Drug sensitivity and gene essentiality

We also compared gene essentiality and sensitivity data for 90 drugs tested against 84 breast cancer lines (Daemen et al., 2013), most of which (69) were included in our panel. Using siMEM, we identified genes whose essentiality correlated with sensitivity to mTOR/PI3K/ERBB2/AKT or EGFR/MEK/ERK inhibitors. Hierarchical clustering revealed distinct positive (red) and negative (blue) correlation clusters associated with drug sensitivity (Figure 5B and Extended Experimental Procedures). Reassuringly, genes for PI3K/AKT pathway components were required in lines sensitive to the cognate inhibitors. Sensitivity also correlated with essentiality of the luminal markers ESR1, FOXA1, and GATA3, consistent with the known sensitivity of luminal tumors to these agents. Likewise, EGFR/MEK/ERK inhibitor response correlated with sensitivity to EGFR, GRB2, SOS1, MAPK1, MAPK3, or MAP2K1 depletion. Interestingly, response to EGFR/MEK/ERK inhibitors correlated with dependence on the NF-kB pathway: RELA, REL, and NKAP were more essential in such cells. These results comport with reports of NF-kB activation in response to EGFR, RAS, RAF, or MEK activation (Pan and Lin, 2013), and suggest that NF-kB inhibitors might be effective in basal breast cancer.

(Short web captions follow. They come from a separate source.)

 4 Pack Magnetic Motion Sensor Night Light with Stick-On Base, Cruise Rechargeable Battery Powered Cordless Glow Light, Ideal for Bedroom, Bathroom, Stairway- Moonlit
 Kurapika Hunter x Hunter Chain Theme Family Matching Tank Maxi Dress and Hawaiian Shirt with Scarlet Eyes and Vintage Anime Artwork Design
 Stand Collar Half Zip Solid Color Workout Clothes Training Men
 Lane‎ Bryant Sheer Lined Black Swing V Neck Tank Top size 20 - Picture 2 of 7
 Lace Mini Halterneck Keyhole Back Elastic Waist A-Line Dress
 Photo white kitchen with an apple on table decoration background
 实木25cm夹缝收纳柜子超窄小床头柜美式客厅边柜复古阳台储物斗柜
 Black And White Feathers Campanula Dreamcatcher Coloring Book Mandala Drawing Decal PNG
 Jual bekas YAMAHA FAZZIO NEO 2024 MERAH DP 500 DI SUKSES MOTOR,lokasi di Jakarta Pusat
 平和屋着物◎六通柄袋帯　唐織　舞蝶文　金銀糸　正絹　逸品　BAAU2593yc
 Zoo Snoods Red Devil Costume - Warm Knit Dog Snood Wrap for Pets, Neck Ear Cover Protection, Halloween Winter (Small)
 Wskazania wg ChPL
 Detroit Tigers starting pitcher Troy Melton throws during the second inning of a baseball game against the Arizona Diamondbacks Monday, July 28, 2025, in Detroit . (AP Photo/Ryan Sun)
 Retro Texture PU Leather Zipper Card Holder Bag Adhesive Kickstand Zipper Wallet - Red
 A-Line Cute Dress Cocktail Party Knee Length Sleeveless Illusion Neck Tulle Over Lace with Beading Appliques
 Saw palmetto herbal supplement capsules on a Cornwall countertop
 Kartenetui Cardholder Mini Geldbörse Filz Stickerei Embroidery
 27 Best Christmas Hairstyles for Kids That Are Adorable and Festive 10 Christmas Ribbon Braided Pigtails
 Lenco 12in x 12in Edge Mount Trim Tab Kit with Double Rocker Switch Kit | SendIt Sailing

Drug sensitivity/essentiality comparisons also identified negative regulatory/tumor suppressor pathways. For example, PTEN was more essential in lines that were insensitive to mTOR/PI3K/ERBB2/AKT or EGFR/MEK/ERK inhibitors, consistent with the effects of PTEN deletion/inactivation (Worby and Dixon, 2014). Likewise, MDM2 and TP53 essentiality were associated with sensitivity or resistance to MDM2 and Nutlin-3A treatment, respectively.

Unsupervised analysis of the whole gene essentiality/drug sensitivity dataset revealed 5 clusters. Most drugs with a similar mechanism of action fell into the same cluster, and pathway analysis confirmed that essentiality clusters were enriched for genes implicated in the pathways targeted by their respective agents (Figure S5A, Table S5B–C). Unanticipated clusters also emerged. For example, sensitivity to 11 drugs, which included alkylating agents, topoisomerase inhibitors, and cell cycle/cell cycle checkpoint inhibitors, correlated with essentiality of genes “associated with the H3K27me3 mark” (e.g., PRDM13, NKX2-5, HOXC8, PAX7, HES2) and for “neuropeptides and neurotransmitter signalling” (Figure S5B, box #2, S5C–D). Notably, we had validated one of these genes, HOXC8, in our siRNA assays (Figures 3B–C).

Screen/drug sensitivity data might suggest drug combinations to kill resistant cells and/or negative regulators associated with drug resistance. For example, drugs targeting the PI3K/mTOR pathway (Cluster-1) strongly anti-correlated with BCL2L1 essentiality (i.e., cell lines resistant to PI3K/mTOR inhibitors required BCL2L1). Interestingly, drug combinations targeting the PI3K/mTOR pathway and BCL-XL are reported for several malignancies (Muranen et al., 2012; Rahmani et al., 2013). Another known combination predicted by our data is EGFR plus HDAC inhibitors (Zhang et al., 2015). Suggested combinations awaiting validation include RAF/MEK and CDK4 inhibitors, EGFR inhibitors with Cluster-5 drugs, BET-Is with Cluster-4 drugs, especially epirubicin and vinorelbine, PLK1 inhibitors with Nutlin-3A or PI3K/AKT inhibitors or Nutlin-3A with Cluster-5 drugs (Table S5B).

We also used DGIdb to identify essential genes that are potentially “druggable” (Griffith et al., 2013). Genes for kinases, phosphatases, and histone modifying enzymes were the most frequently essential, although other categories were represented (Figure 5C, Table S5D). Inhibitors exist for only a small fraction of most potential targets, especially the histone modifiers; a larger percentage of essential kinases had a known inhibitor (Figures 5C–D, S5E).

Additional functional genomic properties of cancer cells

For most genes, essentiality decreased as expression increased (Figure 6A, right); such genes are enriched for housekeeping functions (Table S6A). A smaller set of genes became more essential with increased expression (Figure 6A, left): 16 of the 20 top-ranked genes in this group are known drivers in breast or other cancers (Table S6B). We suspected that other genes whose essentiality increased with increased expression might be drivers, and tested several using siRNAs (Figures 6B, S6A). Indeed, 11/20 (55%) were more essential in lines with increased expression (R>0.3). Genes more essential with increased expression showed lower expression overall than genes whose essentiality lessened with increased expression (Figure S6B). The former were more variably expressed, though, consistent with the behavior of known oncogenes (e.g., ESR1, ERBB2).

Figure 6.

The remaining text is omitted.